More than two decades ago, a unique leukocyte of rodents in the genus Microtus was described and named an “azurocyte” (AZ), due to the outstanding purple granules present in its cytoplasm (Mihok et al., 1987). The cell is particularly common in late pregnancy (Mihok, 1987), and can be induced by progestins both in males and females (Mihok et al., 1987; Mihok and Schwartz,, 1991a). Based on similarities with other mammal cells with Natural Killer (NK) activity (Kurloff cells and large granular lymphocytes), it was suggested that these cells may be NK cells unique to the vole (Mihok and Schwartz, 1991b).

For almost 20 years, there has only been one mention of this new cell (Boonstra et al., 2005), until it was recently reported for another species, the field vole (Microtus agrestis) in a study that evaluated hematological dynamics in natural populations (Beldomenico et al., 2008a), also conforming to the pattern of breeding females having higher AZ counts.

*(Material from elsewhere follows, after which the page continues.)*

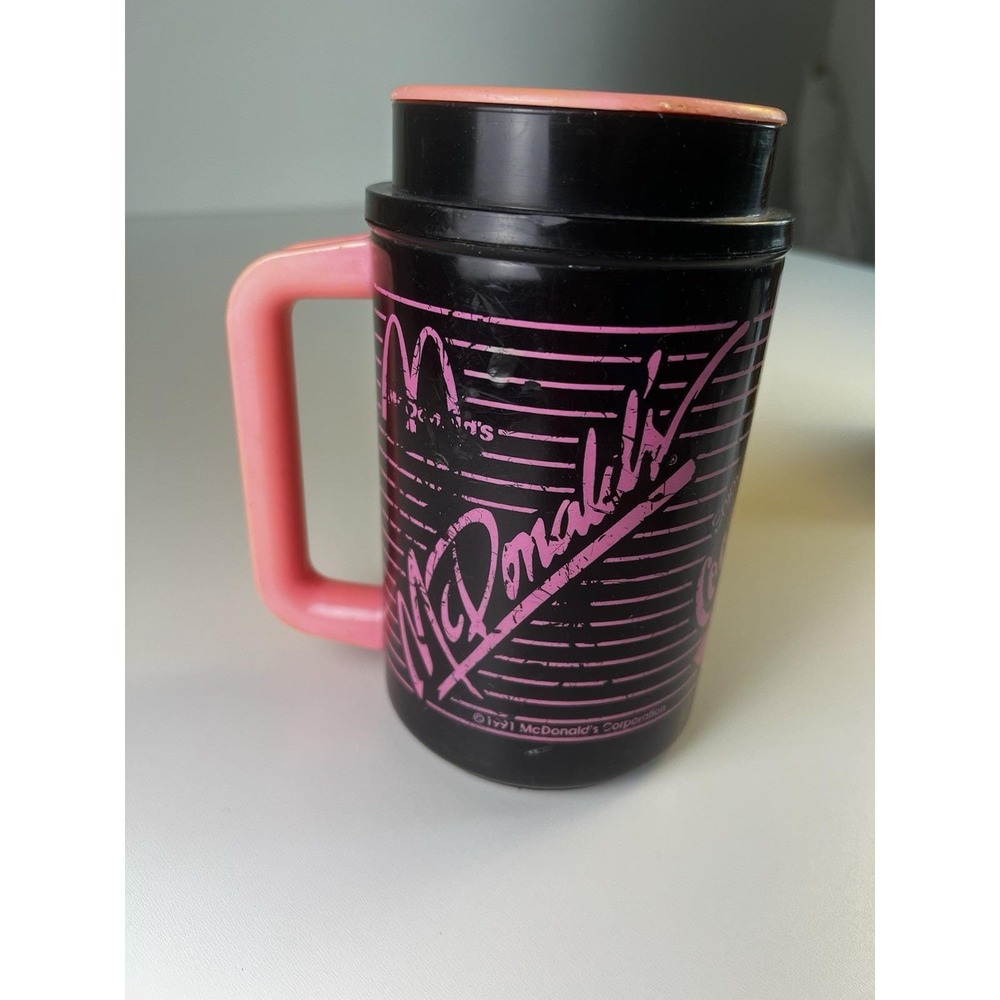 1991 McDonald's‎ Refill Mug Neon Pink And Black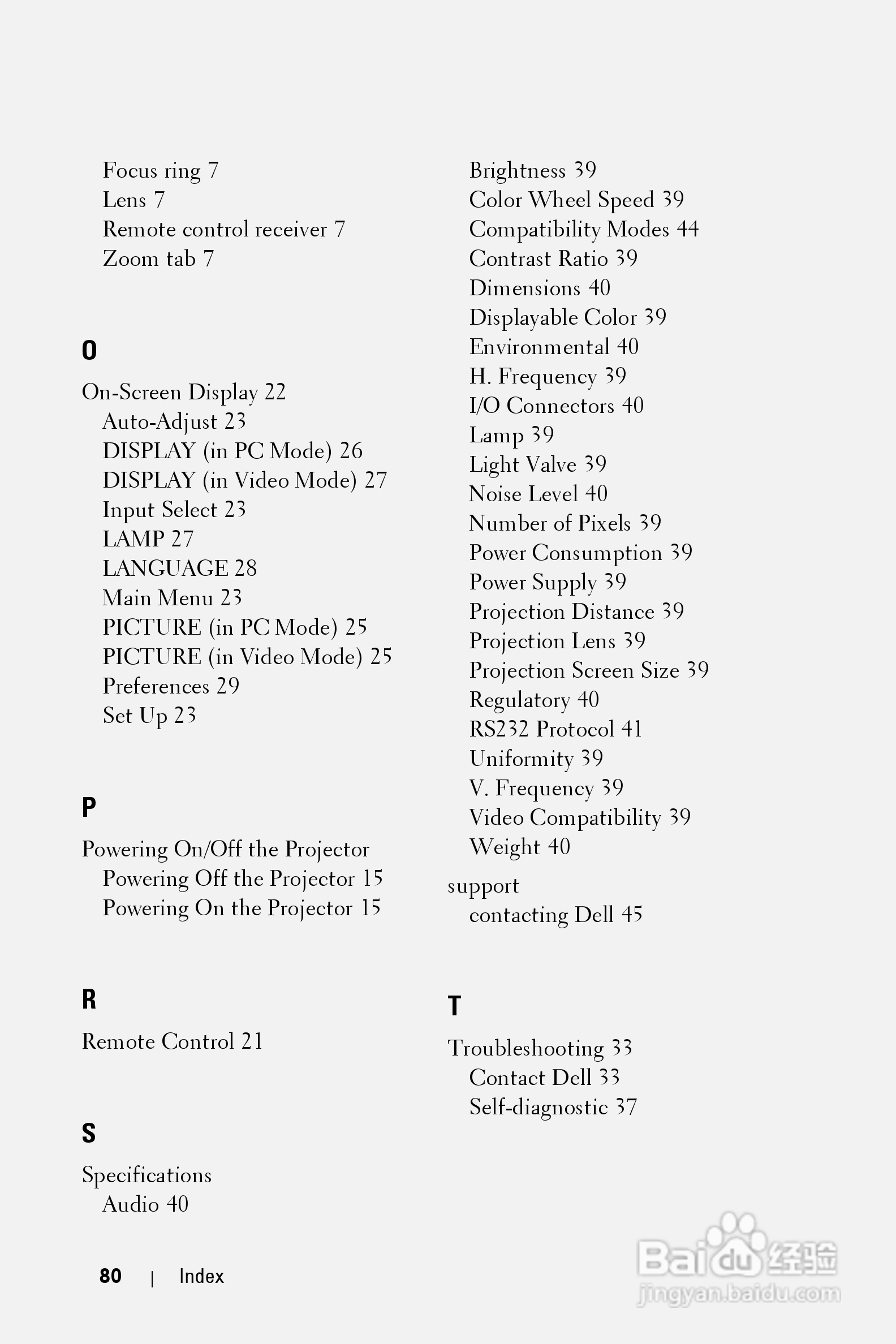 DELL Dell 2400MP Projecto投影机说明书:[8]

The unique nature of the current dataset, with recorded blood levels of AZ in individuals from replicated natural populations monitored repeatedly over a 2-year period, thus provides an opportunity to investigate further the dynamics of these cells in natural populations and their relationship with factors intrinsic and extrinsic to the individuals that have them. The immediate aim is to shed new light on the possible function and significance of these cells and on how they play a role in the natural history of rodent species, but crucially, examining these cells in a natural population through a longitudinal study may throw light on their functional significance in a much wider range of medical, veterinary, and wildlife medicine settings.

The specific objectives of the present study were:

  1. (i)

    To describe seasonal and demographic patterns of blood AZ levels in wild field vole populations and to investigate the relationship between intrinsic and extrinsic factors and circulating levels of AZ in wild field voles.

  2. (ii)

    Because individuals in poor condition are more likely to show elevated indicators of infection when re-sampled a month later (Beldomenico et al., 2008b), we examined if the occurrence of AZ in males is dependent on preceding health status (condition) to evaluate if AZ may be a response to infection.

Materials and Methods

Hematology

As described in detail by Beldomenico et al. (2008a), a hemogram was produced with blood collected from the tip of the tail of live individuals to estimate the concentration of all blood cell types, including AZ. Briefly, 2 μl of noncoagulated blood were diluted 1:20 in 4% acetic acid with 1% crystal violet and 1:5000 in PBS, to count white blood cells (WBCs) and red blood cells (RBCs), respectively, using Kova Glasstic® slides (Hycor Biomedical Ltd., Penicuik, UK) with grids and hence to determine their concentration. The rest of the blood sample was used to produce blood smears for differential (relative) WBC counts, which allowed the proportion of each WBC (including AZ) to be estimated. At least 100 WBCs were examined on the smears. The large number of samples precluded a more exhaustive assessment of the proportion of WBCs (i.e., with more WBCs examined per sample). However, because we were particularly interested in determining the presence of elevated concentrations of AZ, we judged that it was more important to examine a large number of samples than to use a method that gave more reliable estimates when AZ concentrations were low. The concentration of AZ was then estimated as the product of the proportion WBCs that were AZ and the total WBC count. Note, therefore, that a failure to detect AZ should not be interpreted as “absence” but as “absence or low levels.” Hence we refer to “detectable levels” in the text. Smears were air-dried, fixed with methanol, and stained with Rapid Romanowsky Stain Pack—HS705 (HD Supplies, Aylesbury, UK).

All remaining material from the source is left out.